GitHub - IBM/data-access-and-governance-using-cpd-on-aws: Data Access and Govern...

 7 months ago
source link: https://github.com/IBM/data-access-and-governance-using-cpd-on-aws
Go to the source link to view the article. You can view the picture content, updated content and better typesetting reading experience. If the link is broken, please click the button below to view the snapshot at that time.

Data Access and Governance using CPD on AWS

In this Code Pattern, we will demonstrate how to create hybrid cloud data architecture using IBM Cloud Pak for Data (CP4D) and AWS together.

Data fabric is a highly scalable, distributed data architecture comprising both shared data assets and streamlined data integration and governance capabilities that can be used to tackle modern data challenges. A typical data fabric solution will comprising of components such as Data Catalog, Data Integration, Data Governance, Data Visualisation etc.

In this Data Access & Governance Code Pattern, you will solve the challenges faced by different personas in Data Analytics.

  • Data scientists spend 80% of their time in discovering, curating, and cleansing the data. How to provide them quality data for analytics?
  • Data Engineers face lots of challenges while integrating data from multiple data sources. How can they quickly and efficiently collect and integrate data?
  • Data Steward deals with data privacy and protection challenges. How to ensure that the data is governed, and no sensitive information is shared with data consumers?

These Gaps could now be addressed by the governed data fabric architecture using IBM Cloud Pak for Data.

After completing this Code Pattern, you will understand how to :

  • How to create connection between external data sources and IBM Cloud Pak for Data.
  • How to ingest data from multiple data sources.
  • How to clean, filter, or reshape data.
  • How to query data from multiple data sources without copying or moving the data.
  • How to create data integration pipeline to transform and integrate data from heterogeneous data sources.
  • How to protect sensitive data (such as PII) to be shared with data consumers.
  • How to schedule job to run data integration pipeline periodically.

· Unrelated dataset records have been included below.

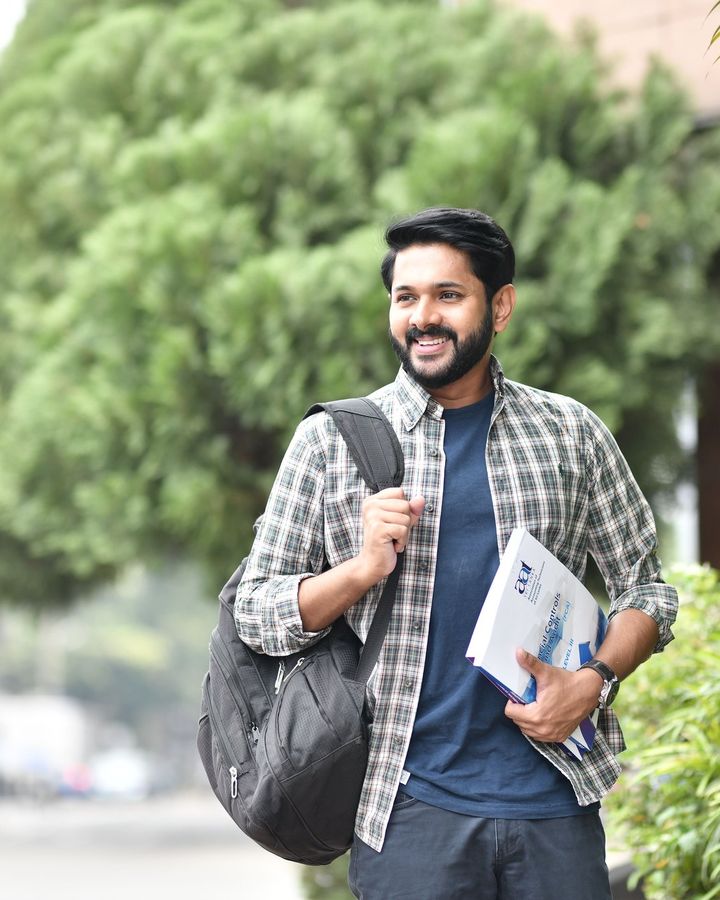 A student with a backpack and books walking outdoors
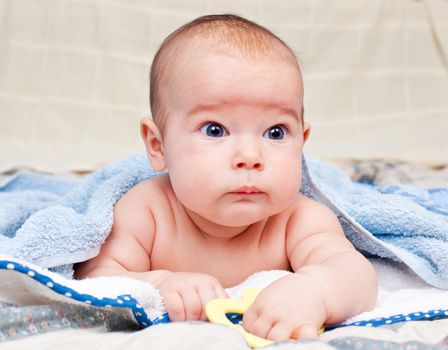 Little baby girl lying under towel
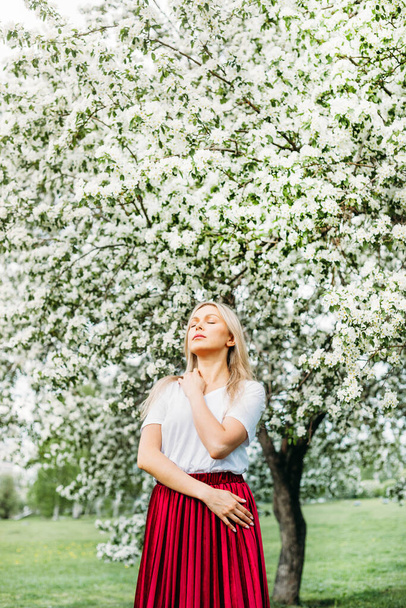Beautiful girl with light hair, glasses, near flowering trees, Apple tree, spring, branches, flower, fashion, style, European, red - 写真・画像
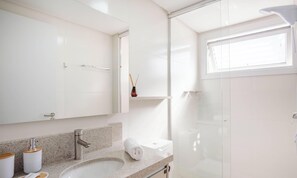 Casa de banho moderna com bancada de granito, lavatório branco, cabine de duche em vidro e um espelho grande.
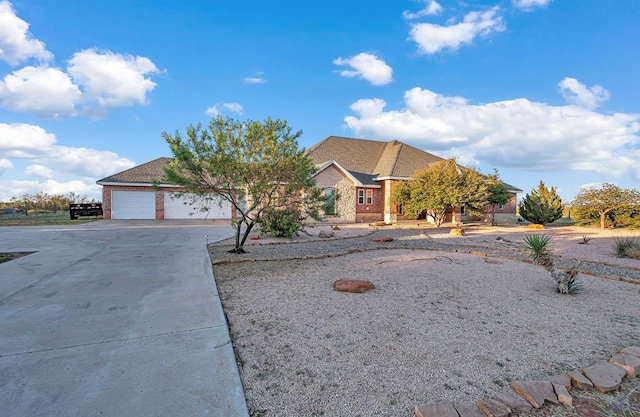 ranch-style house with a garage and concrete driveway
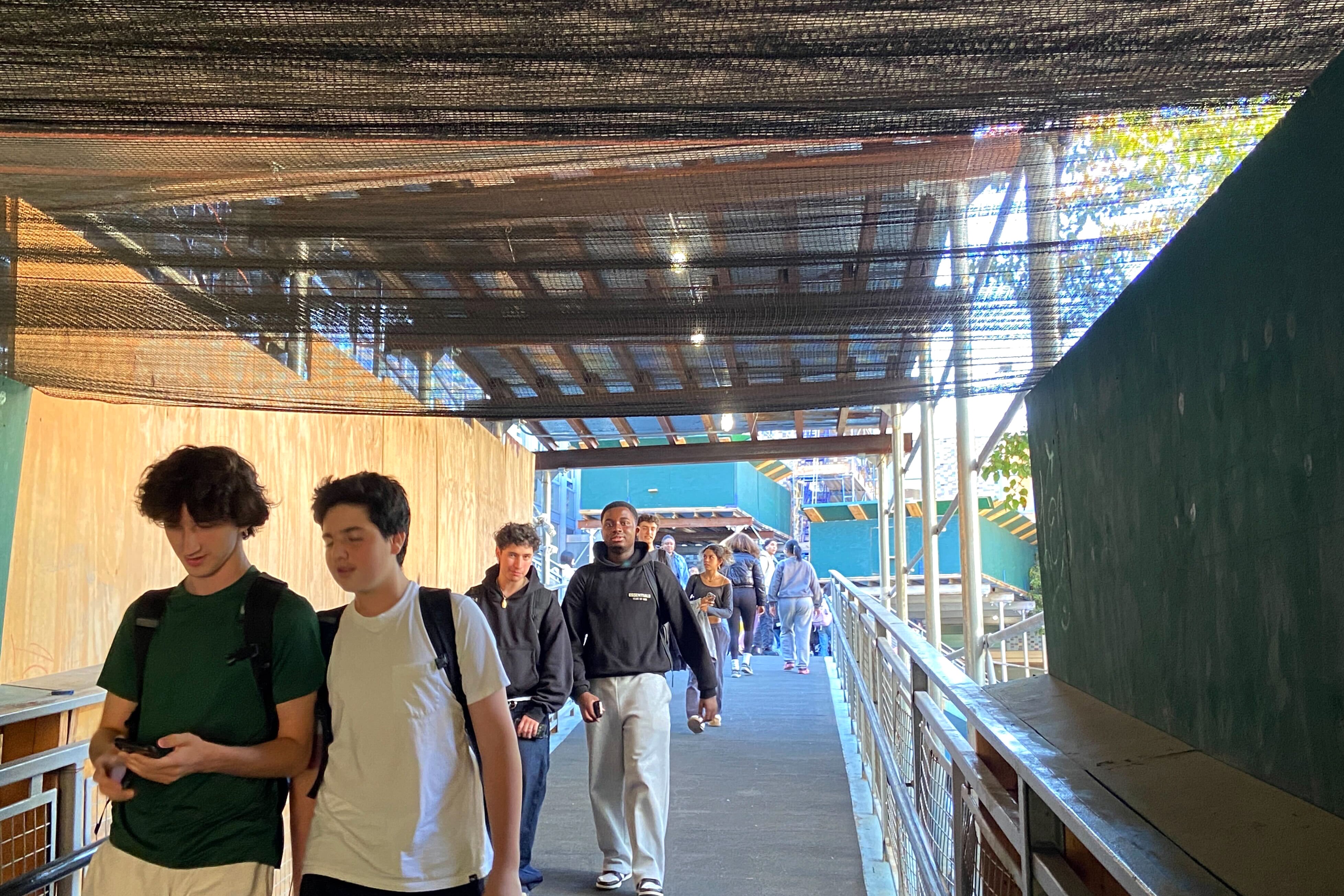 A group of students walk through construction.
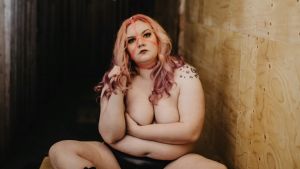 Evaleena Vuorenmaa har varit med om dåligt bemötande flera gånger i vården. Hon är själv är someaktivist och skriver om kroppspositivism på sin Instagram Kvinna med långt ljusrosa hår och bar överkropp, trosor och höga stövlar. Hon sitter med handen framför brösten och håller ena handen i håret.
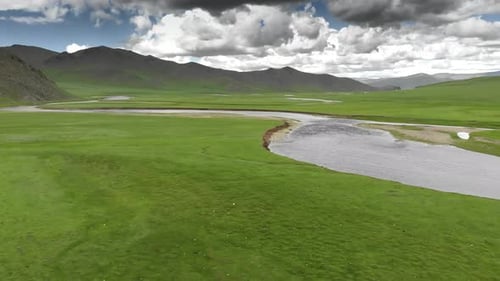 River Flowing Through an Empty Green Meadow with Unmanned and Treeless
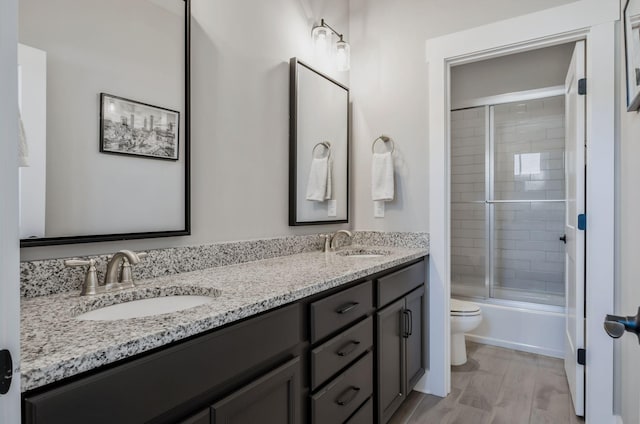 full bathroom featuring vanity, toilet, combined bath / shower with glass door, and wood-type flooring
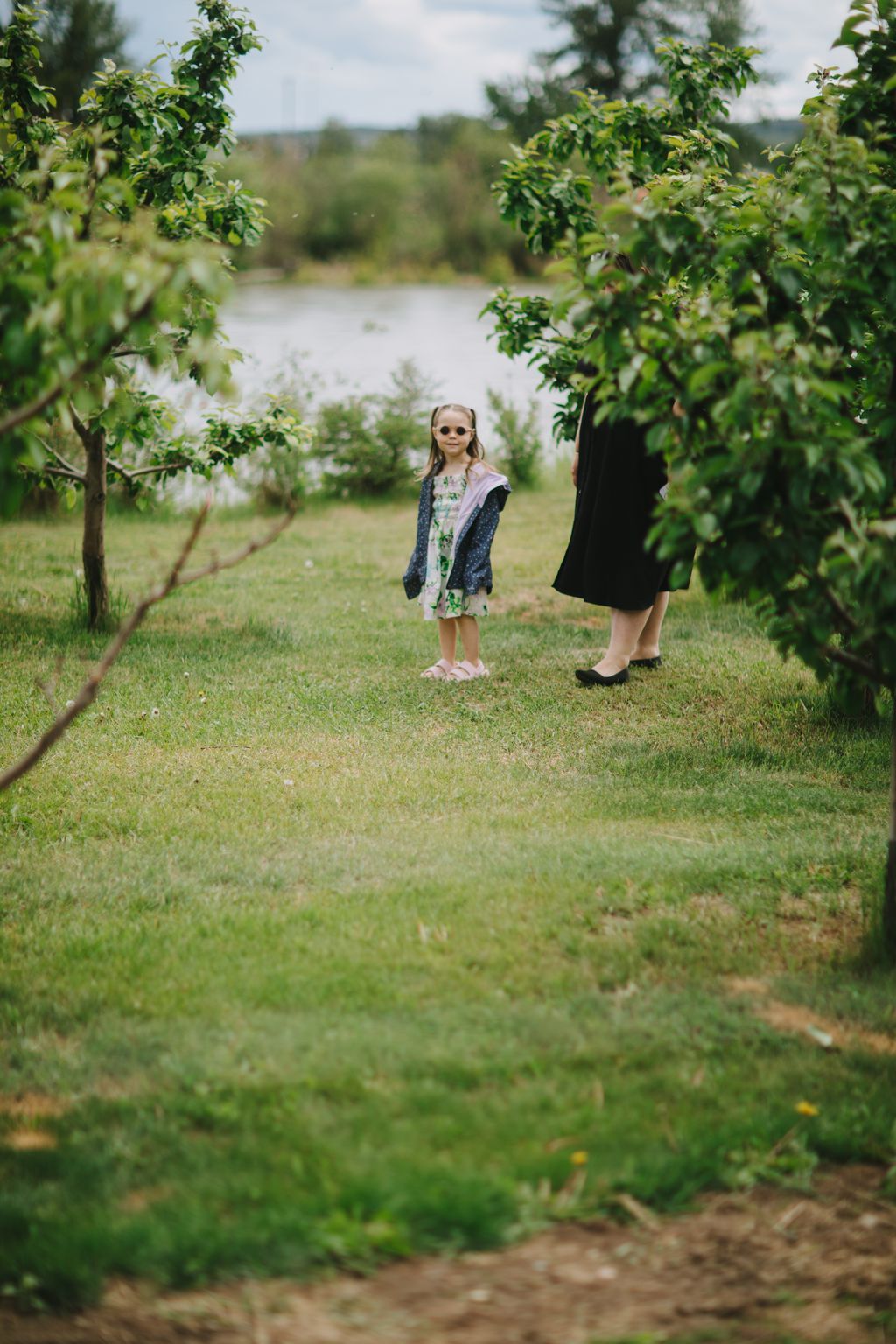 Young girl in sunglasses and floral dress stands on grass by a river, framed by green foliage and trees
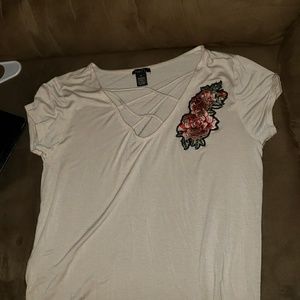 An off white tee with rose design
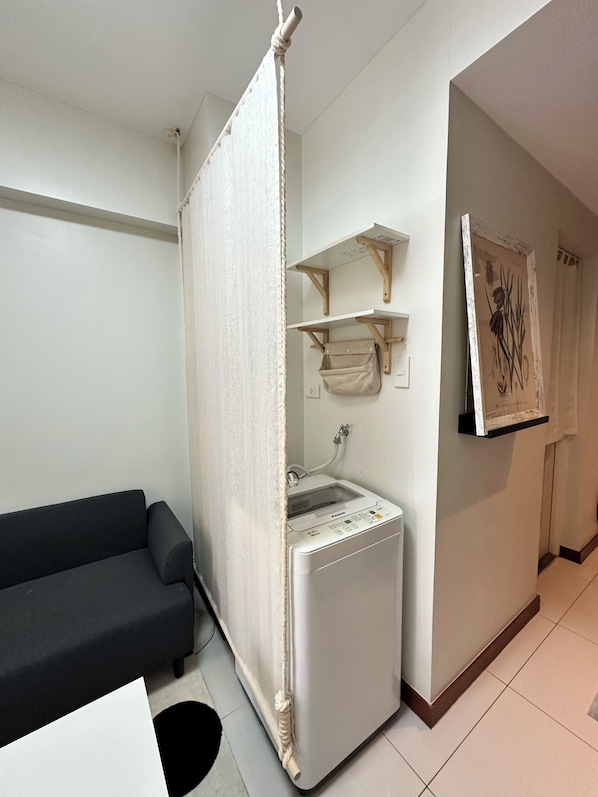 Habitación compacta con lavadora, sofá y cortina.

  1. Create external connection between external data sources (eg. Amazon S3, and Amazon Aurora PostgreSQL) and IBM Cloud Pak for Data.
  2. Use IBM Data Virtualization to query data from multiple data sources without creating data replica.
  3. Use IBM DataStage to create ETL pipeline
  4. Use IBM Data Refinery Flow to clean, and filter the data.
  5. Use IBM Watson Knowledge Studio to profile and govern the data.
  6. Supply the data to AI based predictive system such as Amazon SageMaker or Jupyter Notebook to create machine learning models.



Include Components

These are the components & services which are included in this Code Pattern.

  • IBM Cloud Pak for Data: IBM Cloud Pak for Data is a data and AI platform with a data fabric that makes all data available for AI and analytics, on any cloud.

  • IBM DataStage Integration tool that helps you design, develop and run jobs that move and transform data.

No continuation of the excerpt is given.